Das genaue Studium der Werke bietet auch Aufschluß über die künstlerischen Strategien Klees. Offensichtlich sah der Künstler einige seiner Arbeiten als plastische Gebilde, denn er hat immer wieder die Rückseite eines Werkes in die Gestaltung einbezogen. Das Werk „43“ von 1928 wirkt wie ein skulpturales Objekt. Die Vorderseite scheint die Wechselbeziehung zwischen konstruktiver und intuitiver Gestaltung zum Thema zu haben. Auf der Rückseite ist dicke Spachtelmasse zu sehen, so dass ein ungegenständliches weißes Relief entsteht.
Der Blick auf das Publikum, dem die Werke von Paul Klee in mehr als fünf Jahrzehnten präsentiert wurden, zeigt, wer zu welchem Zeitpunkt welche Werke sehen konnte. Die Schilder auf den Rückseiten der Arbeiten geben Auskunft über Ausstellungen, in denen die Bilder gewesen sind. Aber sie berichten nicht nur über Reisen in ferne Länder, sondern auch über die politisch-diplomatische Aufgabe, die die Klee-Sammlung seit den 1960er Jahren zu erfüllen hatte. Nicht zufällig führte die erste Reise der Klee-Bilder 1966 in Museen nach Jerusalem und Tel-Aviv, um sich vorsichtig denen anzunähern, die Opfer des Nazi-Terrors gewesen waren. In den kommenden zwei Jahrzehnten war die Düsseldorfer Sammlung unter anderem in Australien und Indien, in Brasilien und Kanada, Japan oder Neuseeland ausgestellt.

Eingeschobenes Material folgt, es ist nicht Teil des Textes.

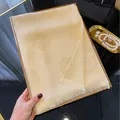 Écharpe en soie synthétique champagne doré avec motifs camélia et franges - Tsm-444 Abricot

Die Düsseldorfer Klee-Sammlung gibt einen unvergleichlichen Einblick in das Oeuvre dieses Künstlers. Dafür sorgte nicht nur das erste Konvolut an Werken, sondern auch die weiteren Erwerbungen seit den 1960er Jahren. Die Gemälde, Zeichnungen, Aquarelle und anderen farbigen Arbeiten vermitteln einen umfassenden Überblick in Klees nahezu unerschöpfliche Kreativität. Der Künstler reflektiert sensibel und mit scharfem analytischem Blick die Ereignisse seiner Zeit und erschafft auf diese Weise einen künstlerischen Kosmos, in dem sich Tragikomik, Leichtigkeit, Ernst, Ironie, Spiel und Kalkül verbinden,“ stellt das bedeutende Museum seine Ausstellung vor.

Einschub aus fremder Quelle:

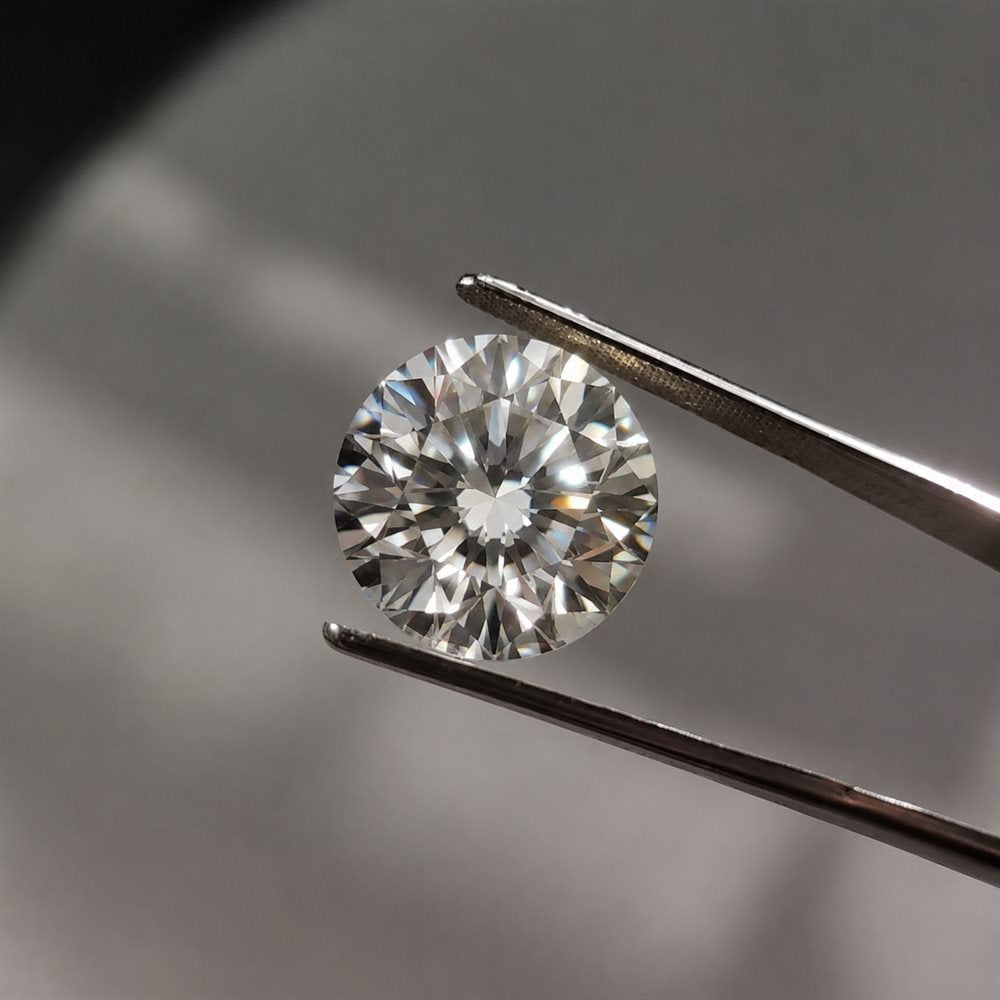4CT Round Cut Moissanite D-F | VVS | NA Certified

Inhaltlich würde die Ausstellung ja eher ins K20 passen, da sie Kunst des 20. Jahrhunderts zeigt. Im K21 sind die Räumlichkeiten aber wesentlich angenehmer zur Kunst passend.

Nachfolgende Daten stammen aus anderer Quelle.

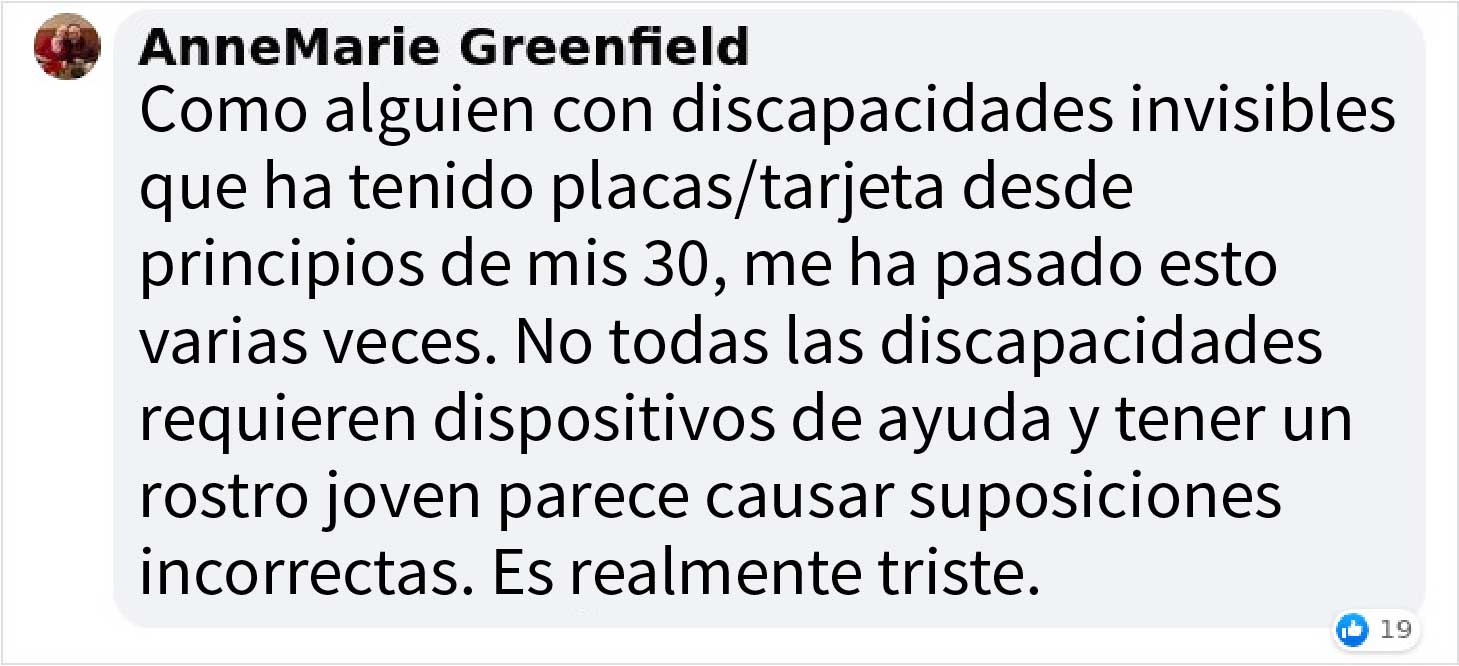 Este hombre con una sola pierna es cuestionado por aparcar en un lugar para discapacitados, así que se enfrenta a la 'Karen'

Ein Besuch lohnt sich hier auf jeden Fall. Nicht nur, weil es Paul Klee ist, also ein Künstler mit klangvollem Namen, den man schon kennen sollte. Der hier verfolgte kuratorische Ansatz ist durchaus beachtenswert. Schließlich werden nicht nur die Bilder gezeigt, sondern auch in leicht verständlicher Art und Weise viele nützliche Informationen geboten. Der Besucher bekommt also nicht nur Unterhaltung geboten, sondern nimmt auch einen Nutzen, einen Mehrwert in Form von vielen Informationen mit. Welcher kunstinteressierte Laie hätte sich sonst schon die Mühe gemacht, sie nachzuschlagen?